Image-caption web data
*** Begin section ***

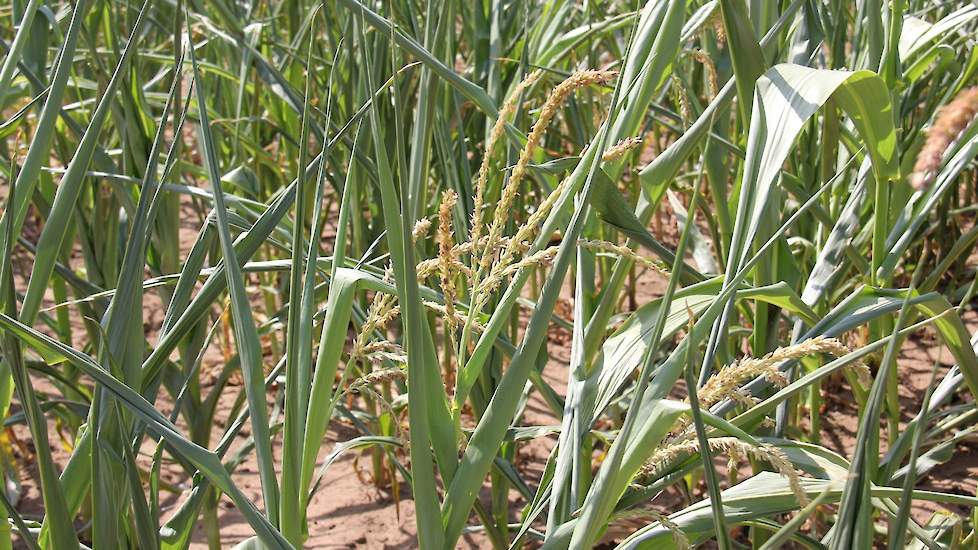 Of de maïs in de Achterhoek genoeg zal herstellen, is zeer de vraag volgens bezorgde boeren.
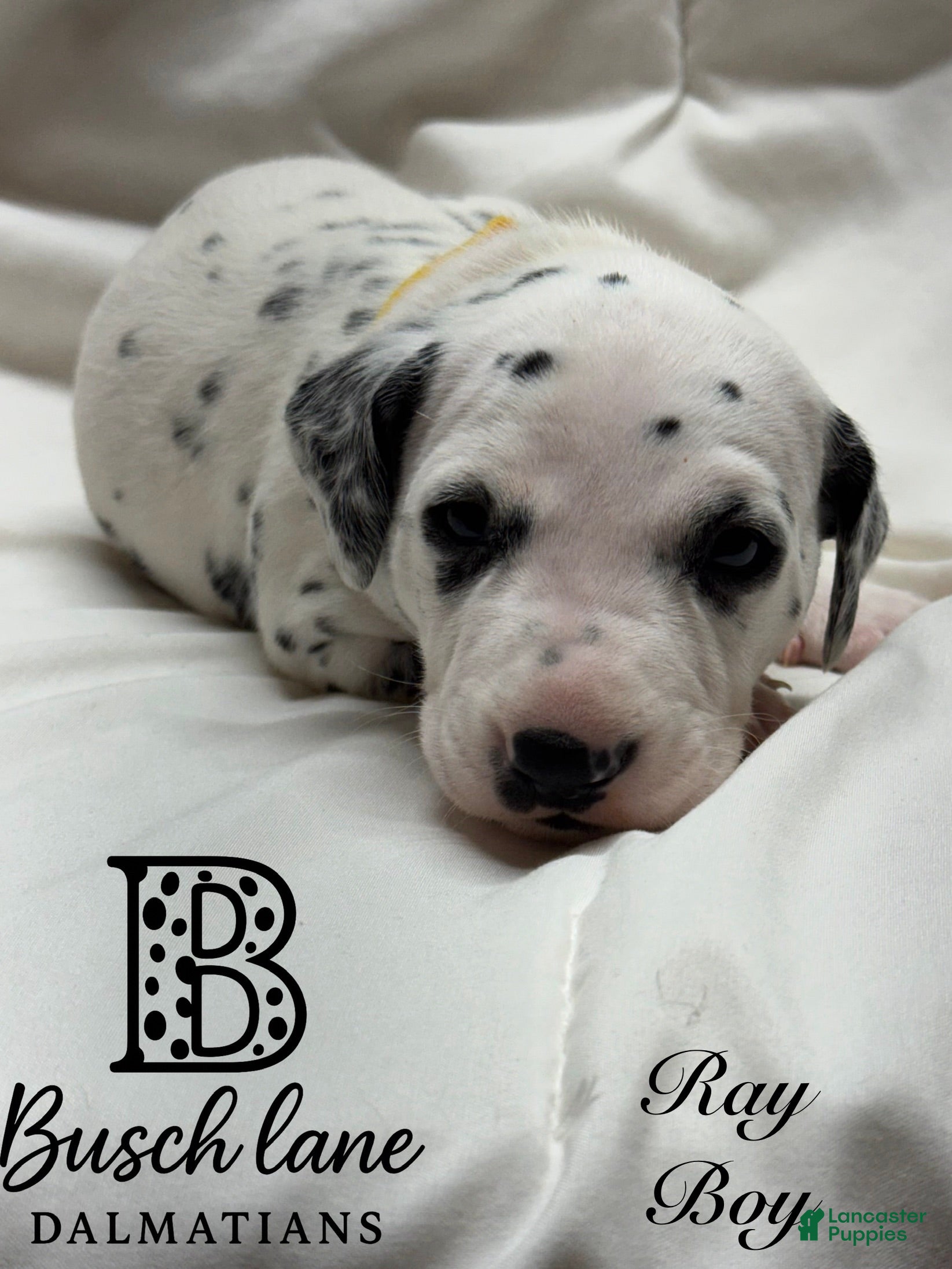 Dalmatian dogs Ray - Ad 29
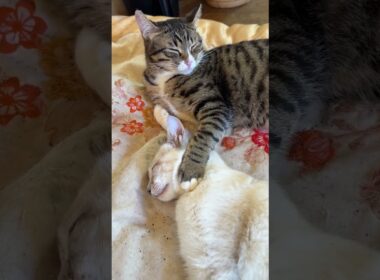 キジシロのルル。シャムの子ネコ雫の首に手を掛けて、ご満悦顔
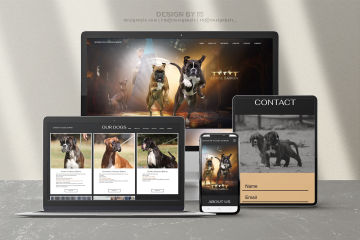 Boxer Website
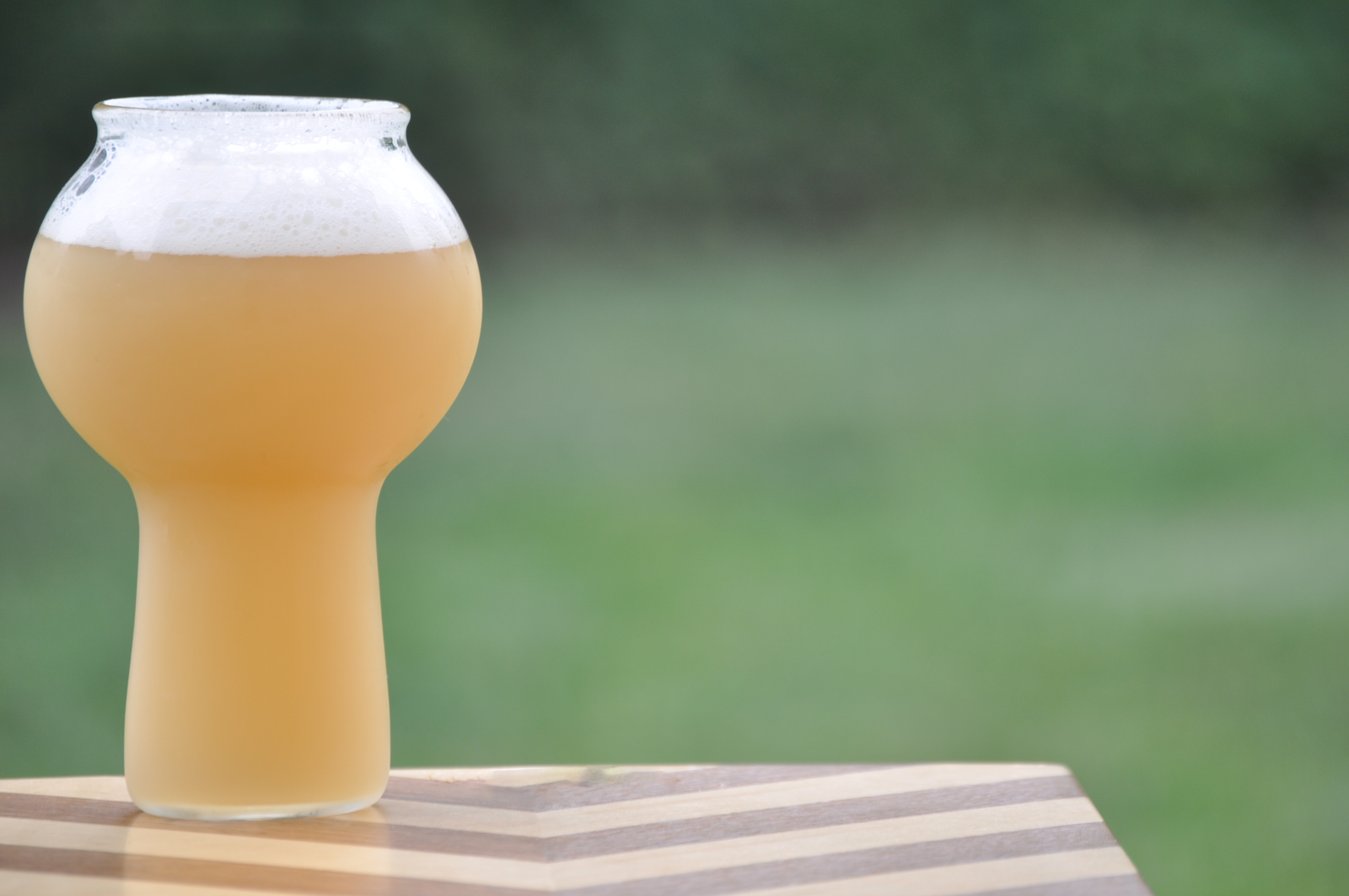 Hand Blown Craft Beer Glasses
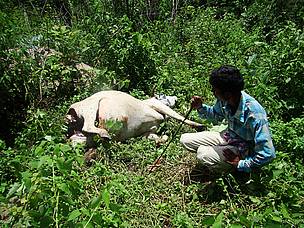  / &copy;: Pranab Bora/WWF-India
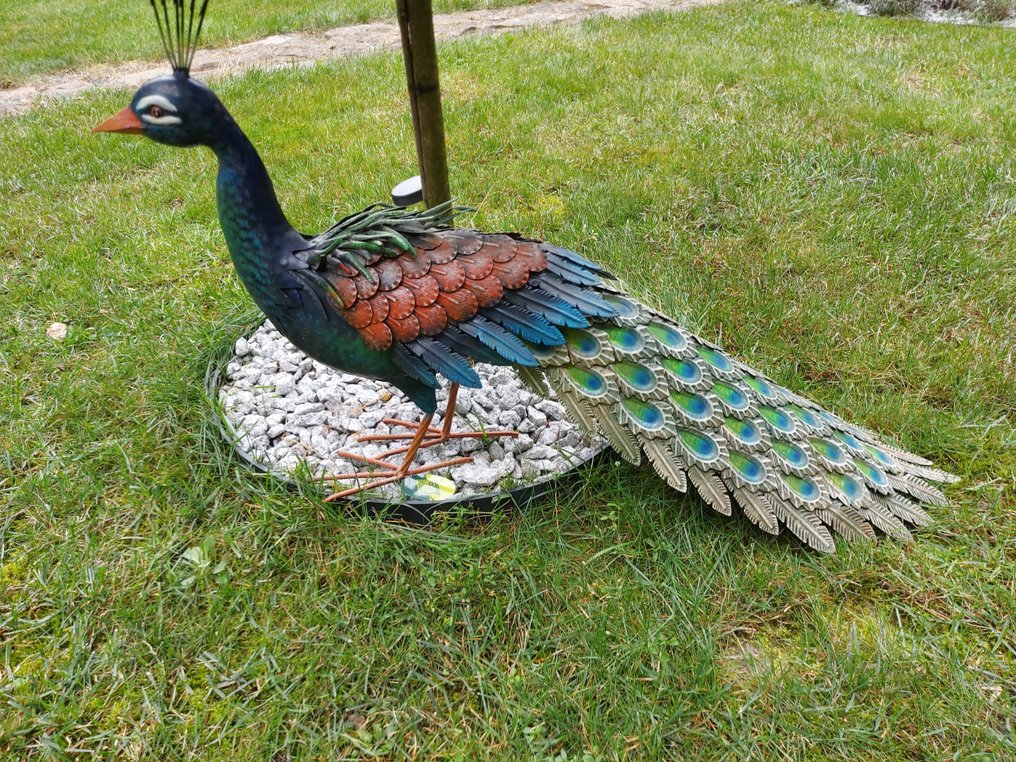 Peacock - 94cm - 雕像 - Peacock - 钢 #4.3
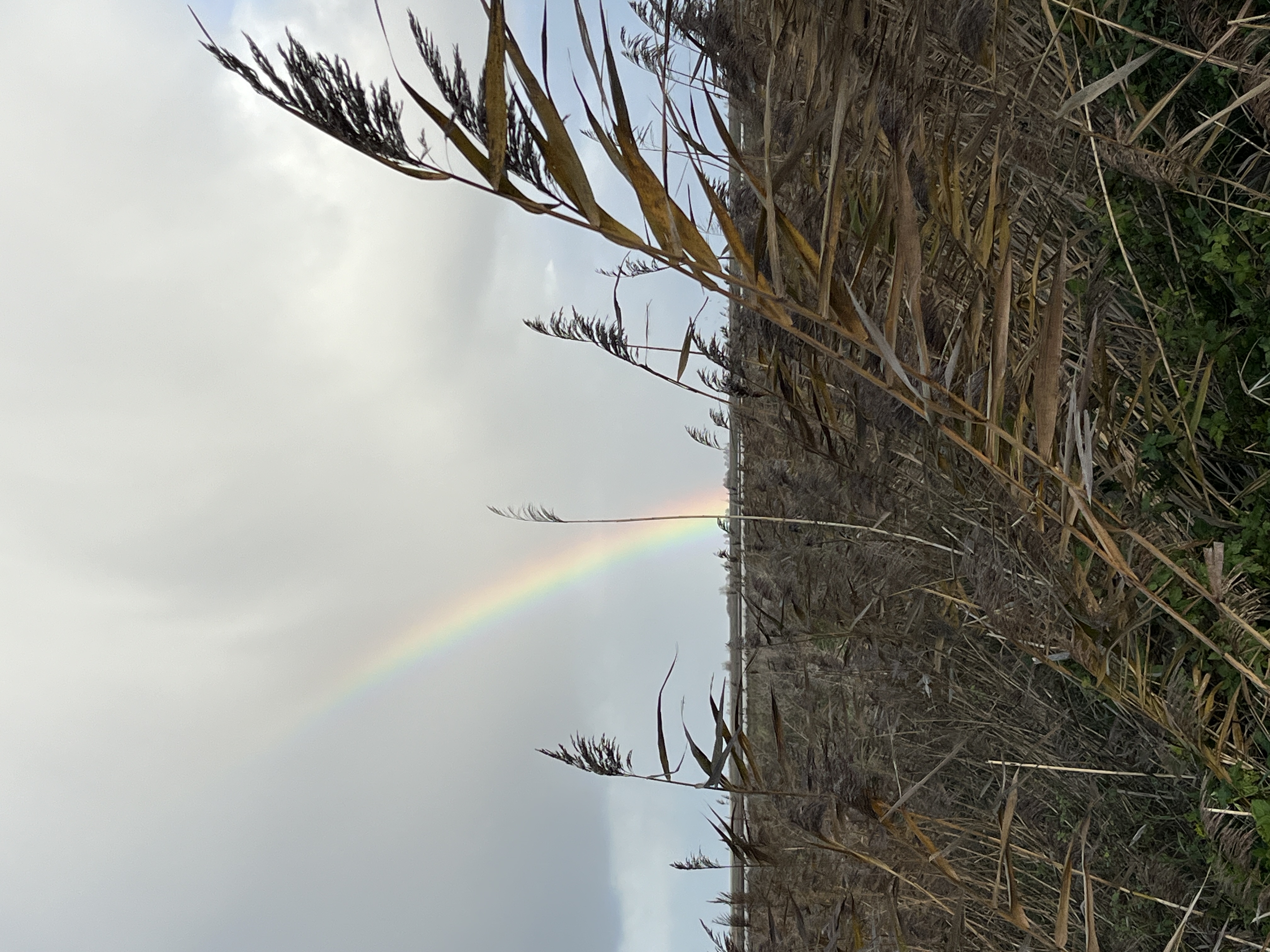 (Oostvaardersplas). Foto van Gerda van der Meer.
Regenboog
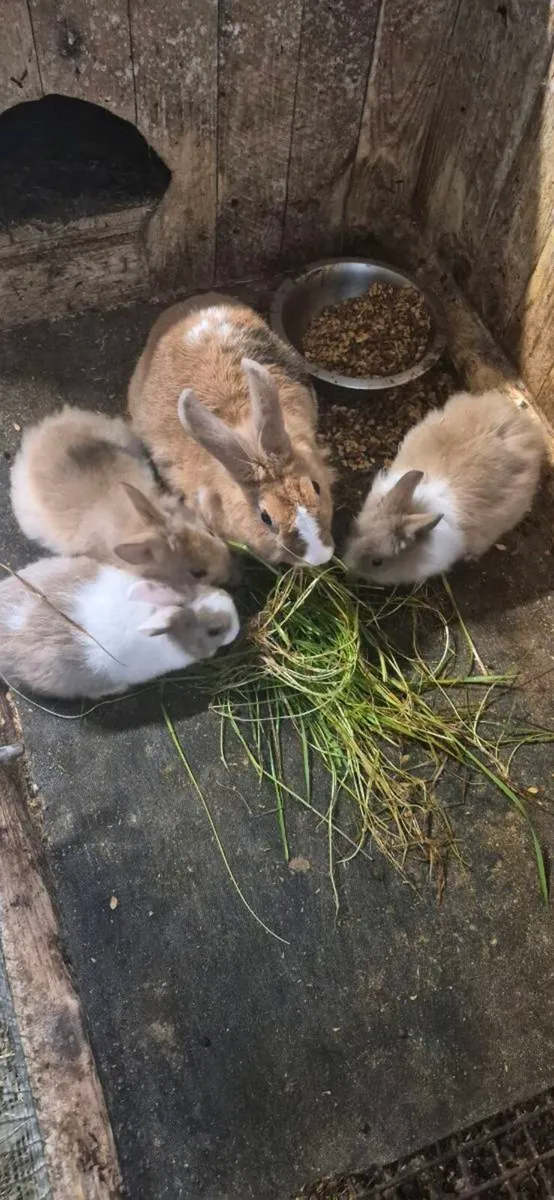 Rabbits - Image 4
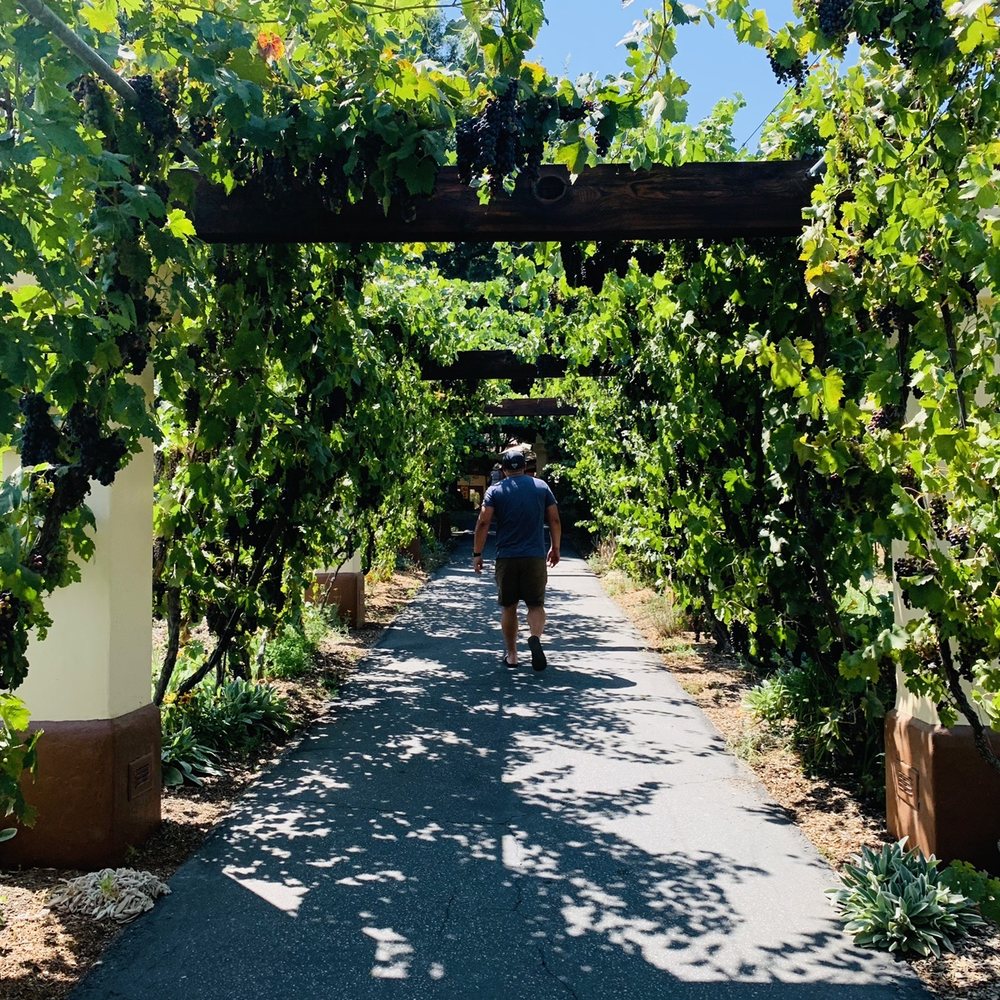 Castoro Cellars - Entrance - Wineries Near Me - Templeton, California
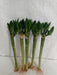 Lotus Bamboo Live Plants 30 cm (3 Sticks) - ChhajedGarden.com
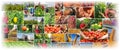 Food Production - Farming - Agriculture Collage Royalty Free Stock Photo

*** End section ***

Exactly as they appear above, print all the lines, but not the pictures.

 Of de maïs in de Achterhoek genoeg zal herstellen, is zeer de vraag volgens bezorgde boeren.
 Dalmatian dogs Ray - Ad 29
 キジシロのルル。シャムの子ネコ雫の首に手を掛けて、ご満悦顔
 Boxer Website
 Hand Blown Craft Beer Glasses
  / &copy;: Pranab Bora/WWF-India
 Peacock - 94cm - 雕像 - Peacock - 钢 #4.3
 (Oostvaardersplas). Foto van Gerda van der Meer.
Regenboog
 Rabbits - Image 4
 Castoro Cellars - Entrance - Wineries Near Me - Templeton, California
 Lotus Bamboo Live Plants 30 cm (3 Sticks) - ChhajedGarden.com
 Food Production - Farming - Agriculture Collage Royalty Free Stock Photo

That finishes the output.